▶ Scraped caption text data
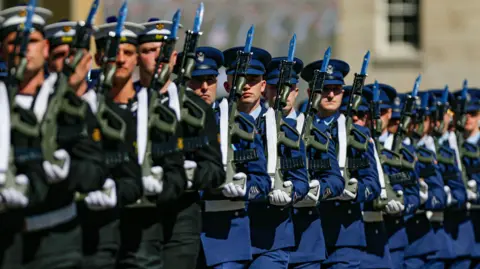 Defence Forces members on parade in green and blue uniforms, holding weapons in air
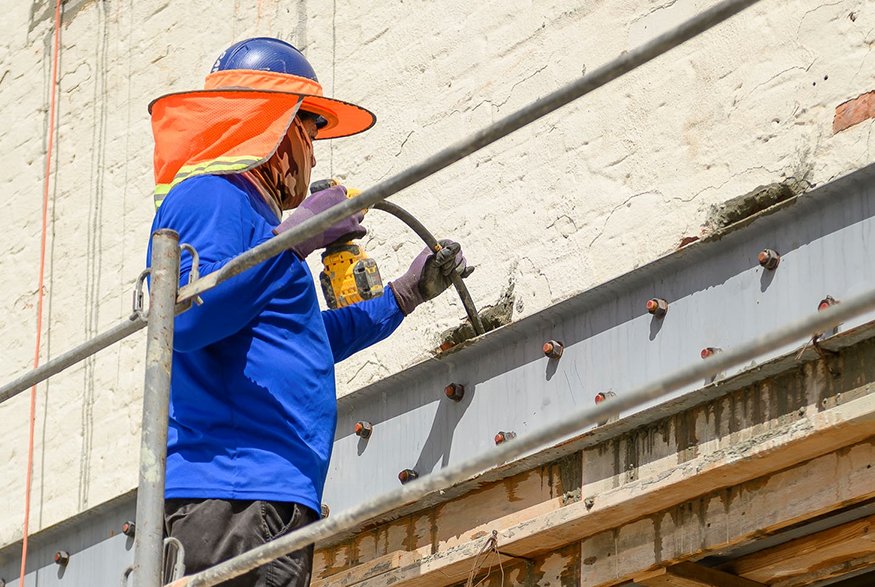 Worker using concrete vibrator tool on poured concrete.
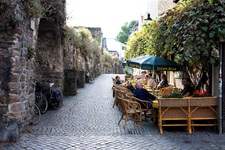 Touristen und Einheimische sitzen unter grünen Sonnenschirmen in einem Straßencafé in der Altstadt von Maastricht.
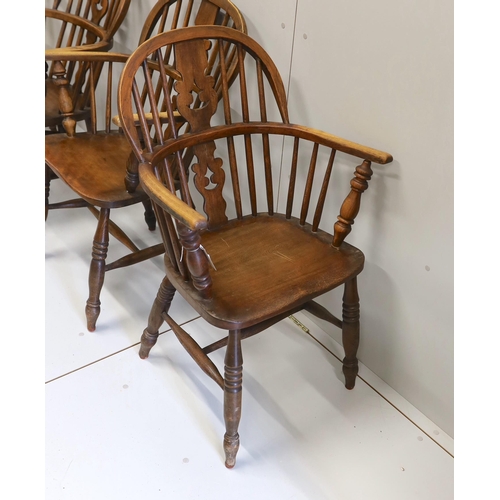 72 - A near set of four 19th century Nottingham area elm, ash and beech Windsor elbow chairs, possibly by... 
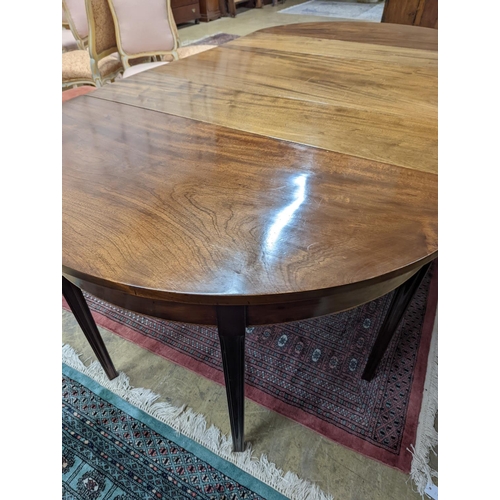 38 - A George III mahogany D end extending dining table, with drop flap central section, length 240cm ext... 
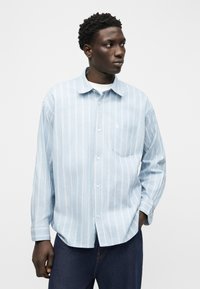 Άνδρας που φοράει ανοιχτό μπλε πουκάμισο με κάθετες ρίγες και σκουρόχρωμο παντελόνι, κοιτάζοντας προς τα δεξιά του με ένα χέρι στην τσέπη.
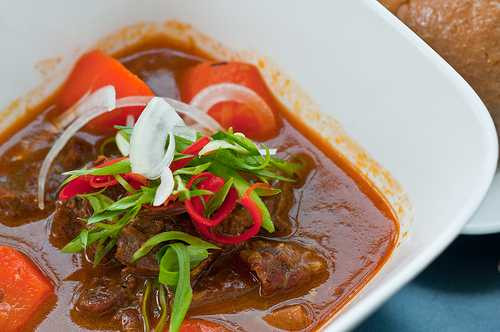 Cho cà rốt, hành tây vào nấu tiếp 15 phút, hòa bột bắp với ít nước lọc, khuấy tan cho vào nồi, nấu thêm 5 phút là hoàn thiện. Làm chén muối ớt chanh, dọn kèm bánh mì, ai thích rau thì ăn kèm ngò gai + húng quế. Ảnh: VTC.vn.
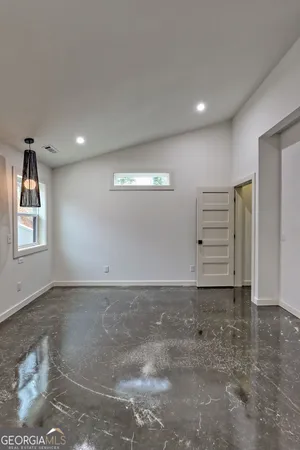 a city street lined with buildings and cars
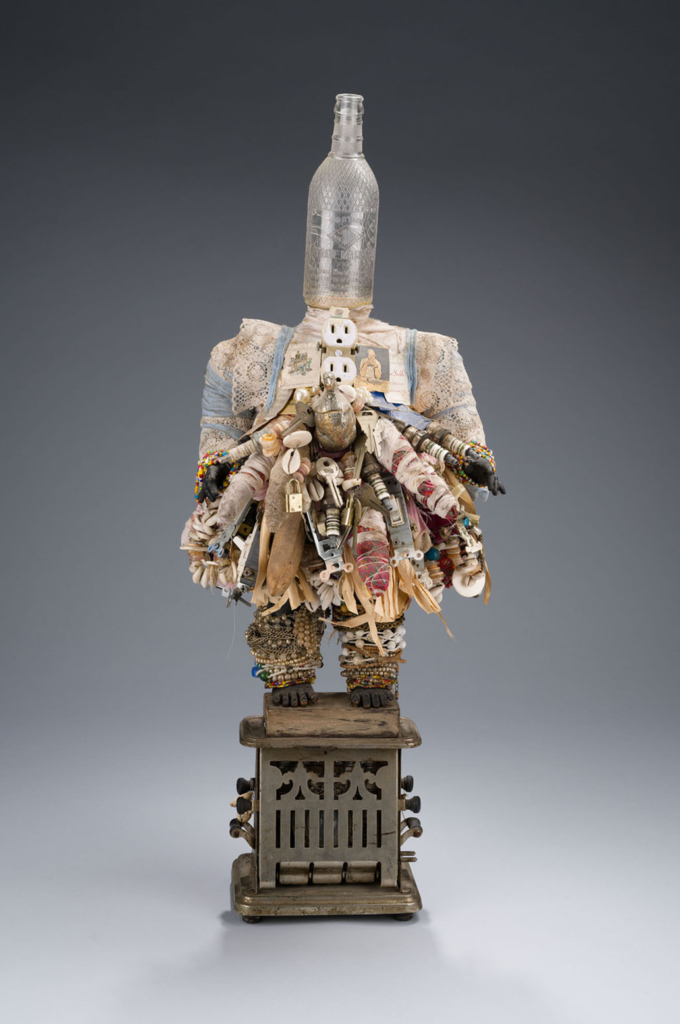 A sculpture depicts a human figure made from found objects, with a glass bottle forming the head, doll parts forming the limbs, and adornments made from items including beads, fabric, an electrical outlet, and the framed slave ownership photograph of a woman named Delilah.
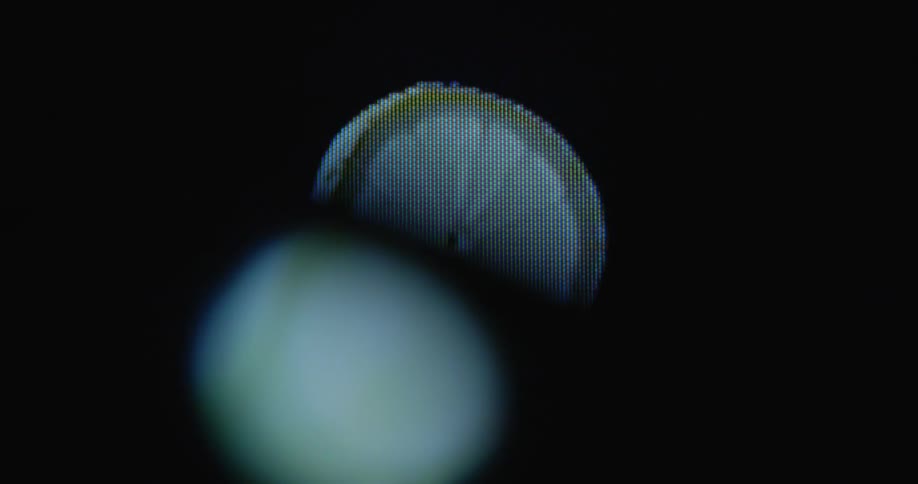 Digitalized 3d lemon slice with dripping juice turning in front of black background on old computer screen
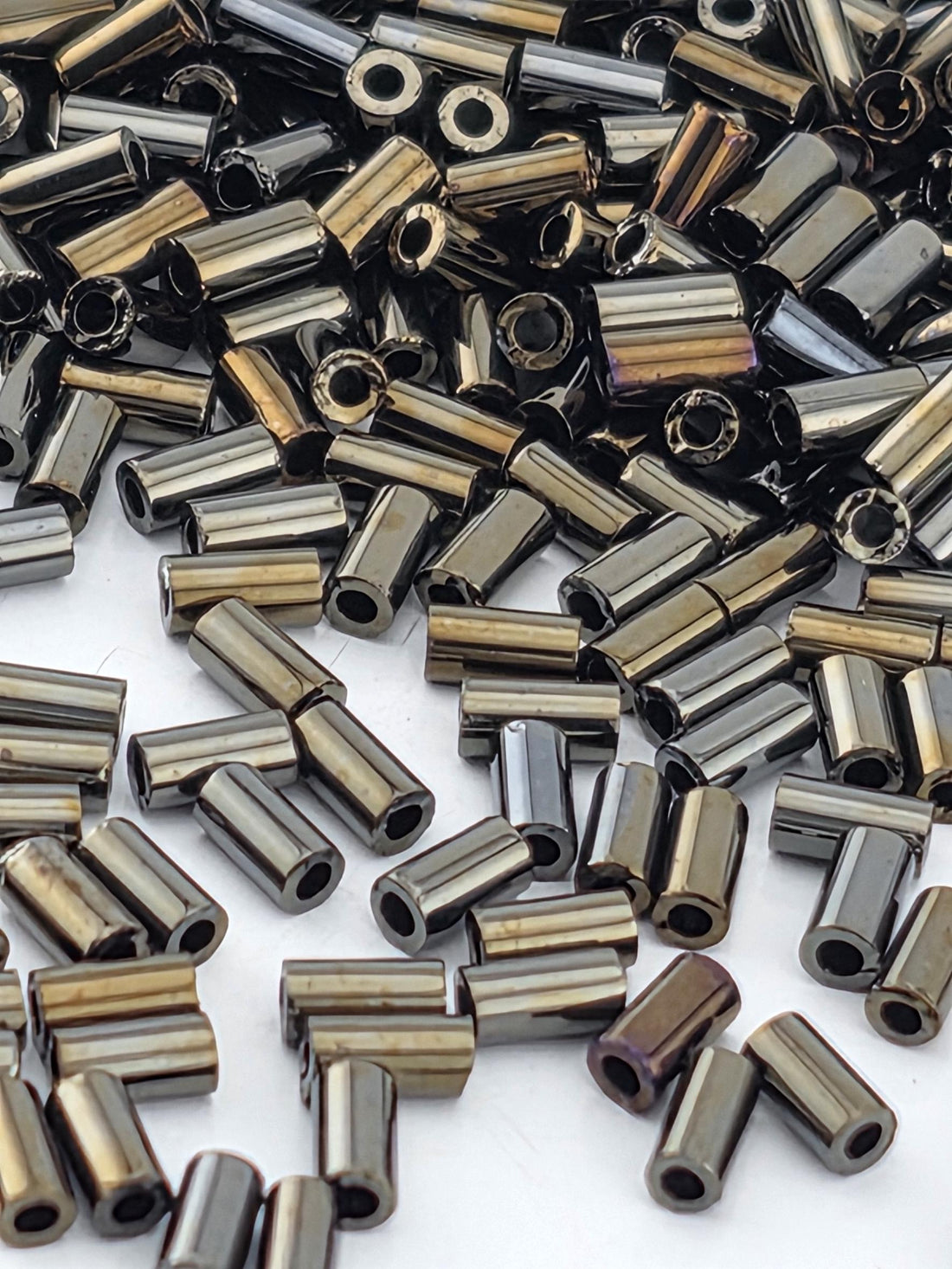 a collection of various metal rods and tubes, with a mix of metallic colors including silver, black, and gold. The rods appear to be made of a shiny, metallic material and are scattered across a surface.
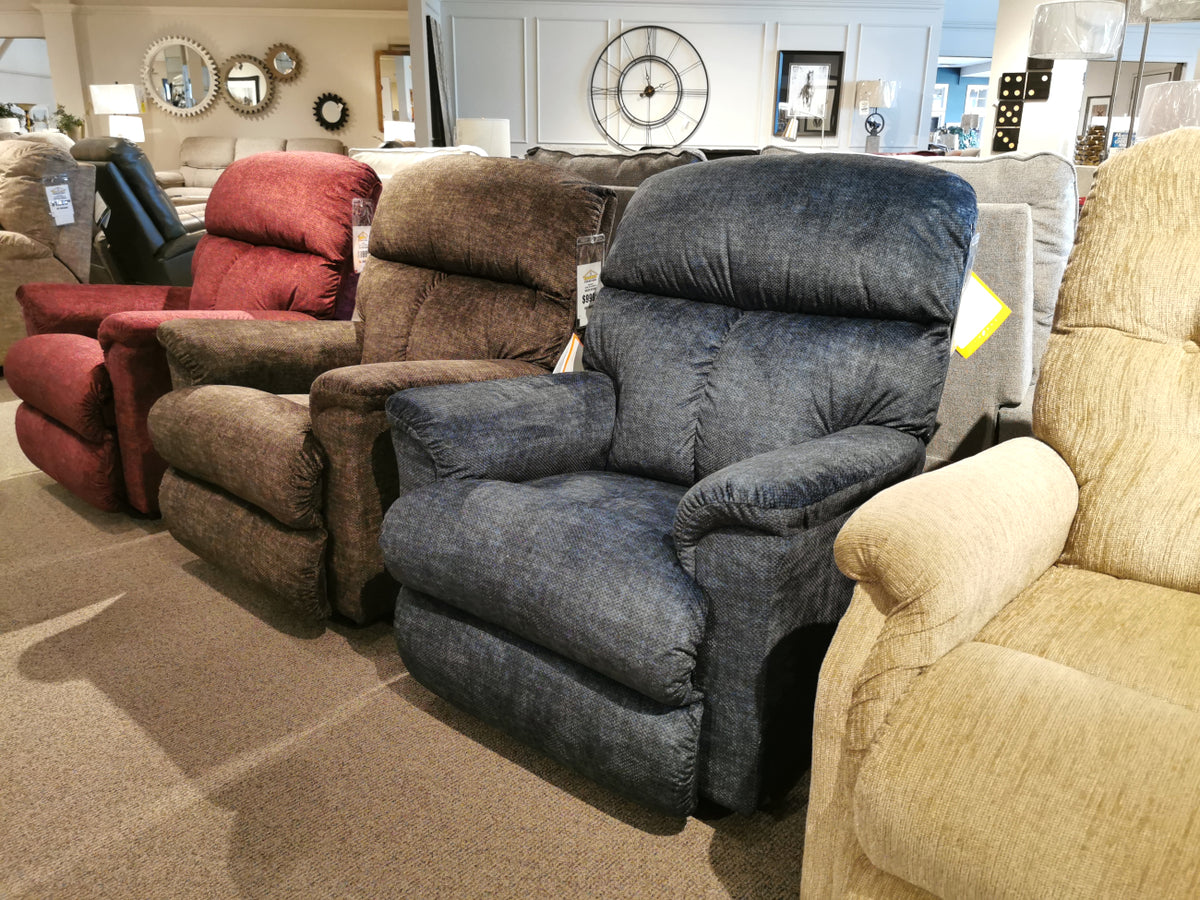 The showroom features La-Z-Boy 704 Reed Wall-A-Way Recliner chairs, offering ultra-plush comfort.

▶ WORK TASK
Transcribe, from the records above, the first line and every line after it up to and including the line with "a city street lined with buildings and cars"; omit pictures.

▶ OUTPUT OF THE TASK
 Defence Forces members on parade in green and blue uniforms, holding weapons in air
 Worker using concrete vibrator tool on poured concrete.
 Touristen und Einheimische sitzen unter grünen Sonnenschirmen in einem Straßencafé in der Altstadt von Maastricht.
 72 - A near set of four 19th century Nottingham area elm, ash and beech Windsor elbow chairs, possibly by... 
 38 - A George III mahogany D end extending dining table, with drop flap central section, length 240cm ext... 
 Άνδρας που φοράει ανοιχτό μπλε πουκάμισο με κάθετες ρίγες και σκουρόχρωμο παντελόνι, κοιτάζοντας προς τα δεξιά του με ένα χέρι στην τσέπη.
 Cho cà rốt, hành tây vào nấu tiếp 15 phút, hòa bột bắp với ít nước lọc, khuấy tan cho vào nồi, nấu thêm 5 phút là hoàn thiện. Làm chén muối ớt chanh, dọn kèm bánh mì, ai thích rau thì ăn kèm ngò gai + húng quế. Ảnh: VTC.vn.
 a city street lined with buildings and cars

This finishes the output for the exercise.